Veterans’ Home may connect to city water

Posted

Another month, another PFAS update takes place at the Hastings City Council. At the Aug. 5 meeting, City Administrator Dan Wietecha spoke to several ongoing studies for the placement of plants 2 and 3, the potential inclusion of the veteran’s home in Hastings’ water system, and the possibility of using 3M funds for well 5.

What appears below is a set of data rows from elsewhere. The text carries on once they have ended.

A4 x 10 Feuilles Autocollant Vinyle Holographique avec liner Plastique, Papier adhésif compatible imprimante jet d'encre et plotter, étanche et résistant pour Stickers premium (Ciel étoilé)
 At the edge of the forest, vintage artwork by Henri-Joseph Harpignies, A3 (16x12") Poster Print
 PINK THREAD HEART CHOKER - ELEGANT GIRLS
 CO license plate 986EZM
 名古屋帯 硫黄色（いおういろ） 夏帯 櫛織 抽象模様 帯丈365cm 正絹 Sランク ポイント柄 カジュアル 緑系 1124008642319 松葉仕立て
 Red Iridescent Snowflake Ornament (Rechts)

Water Treatment Plant placement
The construction of treatment plant 1 in the Hastings Industrial Park is set to begin in 2025, a date that was pushed back in order to better inform residents of the water rate increase of 35-40% at the beginning of next year that will fund the project as well as provide more time for potential grant money. The other treatment plants are currently expected to be located in Lions Park and Wallin Park, to much community backlash.
Earlier this year, at a neighborhood event near Wallin Park, residents gathered to speak with city officials and express their displeasure at the prospect of a 100x100 foot water treatment plant in their neighborhood where a park once stood.
While neither location, Lions Park nor Wallin Park, is firmly settled upon, the city chose them as provisional locations in part because it already owned the land and therefore these locations represented the cheapest way to build treatment plants whose price tag currently sits around $70 million. The prospect of studying and buying private land for water treatment plants would only add to that price tag and potentially push out the timeline which by new federal standards must be completed within five years.
At the Aug. 5 City Council meeting, Wietecha spoke to the potential for several other locations for water treatment plants 2 and 3 on private land in order to preserve the city parks.
“Staff are reaching out to property owners for discussion,” according to the recap of the council meeting.

Veterans’ Home
The Hastings Veterans’ Home uses a private well system that, like Hastings city water, exceeds the new federal regulations for PFAS levels. According to Wietecha, there was discussion of the veterans’ home abandoning its private well in order to use Hastings’ city water after the treatment plants were completed. That connection is expected to cost $1.7 million, which due to the lack of a bonding bill from the state legislature, the City of Hastings is willing and able to pay for. If the connection were to happen, fees would be assessed over time to pay for the construction.
The Hastings Veteran’s Home is currently undertaking its own feasibility study in order to determine its next course of action.

3M Settlement Funds
Since the last update, city officials met with co-trustees of the 2018 3M settlement fund as well as the Attorney General’s office in order to use settlement money on well 5 which has been connected to the 3M dumping sites in Washington County at the center of the 2010 lawsuit that resulted in the $850 million settlement fund.
At the meeting, it was proposed that 3M cover the costs associated with well 5 via the Superfund process.
The Superfund process stems from the 1980 Comprehensive Environmental Response, Compensation and Liability Act (CERCLA) that is often simply known as Superfund. Superfund was created due to backlash around dumping sites like Love Canal and Valley of the Drums in the late 1970s, according to the EPA’s website. The Superfund “allows EPA to clean up contaminated sites. It also forces the parties responsible for the contamination to either perform cleanups or reimburse the government for EPA-led cleanup work,” according to the EPA website.
For well 5, the potential funds wouldn’t be from the 2018 settlement, but from the 2007 consent order that forces 3M to cover the costs of cleanup outside of the scope of the 2010 lawsuit which focuses exclusively on Washington County. According to Wietecha, the Superfund process can be a long process and that this route “wasn’t our decision,” when it came to seeking 3M funds to pay for Hastings’ water treatment plants. As to the timeline of that process as well as connecting the rest of Hastings’ wells to the Washington County 3M sites, that remains to be seen.